Oud-verpleegsters raken niet uitgepraat over Bethesda. 'We waren allemaal een beetje bang voor de hoofdzuster en de artsen'

maandag, 15 september 2025 (09:13) - Dagblad van het Noorden

In dit artikel:

De Jeltjes — een groep oud-verpleegsters die in 1963 in Hoogeveen samen de opleiding verpleegkunde begonnen — vierden zaterdag hun 50e reünie in een vakantiebungalow op vakantiepark Westerbergen in Echten. De jaarlijkse bijeenkomst, opgezet door Clasien Smit en Trudy Schultink en vernoemd naar verpleegster Jeltje de Bosch Kemper, brengt de vrouwen sinds de eerste reünie regelmatig samen; aanvankelijk woonden de bijeenkomsten bij leden thuis en ze vonden plaats door het hele land (onder meer Amsterdam, Middelburg en Leeuwarden). Van de oorspronkelijke groep van vijftien zijn er een lid overleden en nu zijn de meesten rond de 80 jaar; op zaterdag waren dertien aanwezigen (één moest wegens ziekte afzeggen).

De dag bestond uit veel bijpraten en herinneringen ophalen aan het werken in het christelijke ziekenhuis Bethesda in Hoogeveen. De vrouwen benadrukten hoe sterk de verpleegkunde is veranderd: in de jaren zestig en zeventig ontbraken veel moderne hulpmiddelen zoals computers, bedliften en hygiënemedewerkers. Verpleegkundigen sjouwden bedden zonder wieltjes, sopten de zalen zelf en werden op netheid gecontroleerd. Door die langere opnames — bijvoorbeeld weken na een hartaanval of meerdere dagen na een blindedarmoperatie — was de band met patiënten vaak intensiever en werden ontslagen soms met gebak gevierd.

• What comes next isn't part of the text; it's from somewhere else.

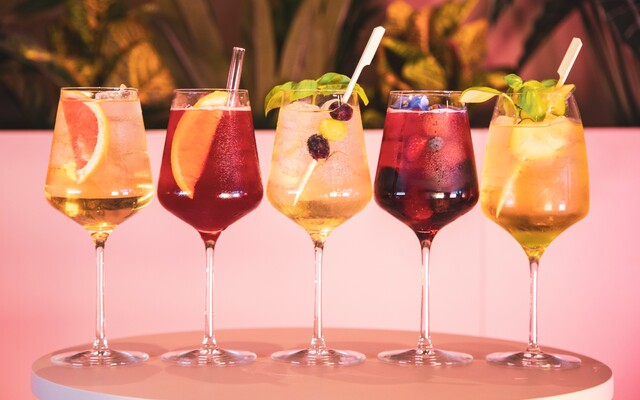 Miluješ vychladené prosecco počas letných večerov? 5 tipov na svieže drinky, ktoré ťa v duchu prenesú na dovolenku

Religie en discipline speelden een grotere rol dan nu gebruikelijk: zusters droegen bij aan gebed en bijbellezen voor patiënten en moesten een verplichte domineescursus volgen, ook als dat betekende dat ze daarvoor hun slaap tijdens een nachtdienst moesten onderbreken. Hiërarchie was streng; men sprak hoofdzuster en artsen formeel aan en voelde zich soms wat ontdaan in hun aanwezigheid. Tegelijk waren er opvallend menselijke en humoristische momenten: verhalen over verkeerd uitdeelde kunstgebitten, de dominee die voor de kapper werd aangezien, en heimelijke danslessen die aanvankelijk door het ziekenhuis werden afgekeurd maar later geaccepteerd.

Trudy Schultink merkte op dat de huidige gezondheidszorg veel bureaucratischer is. Zij illustreerde het verschil met een persoonlijk voorbeeld: waar zij vroeger bij buikpijn dezelfde dag geopereerd kon worden, zou dat nu vaak anders en organisatorisch meer complex verlopen. Als context: de professionalisering van verpleegkunde, technologische vooruitgang en verschuiving naar poliklinische en kortere opnames hebben het vak sindsdien fundamenteel veranderd — iets waar de Jeltjes zowel met trots als weemoed op terugkijken.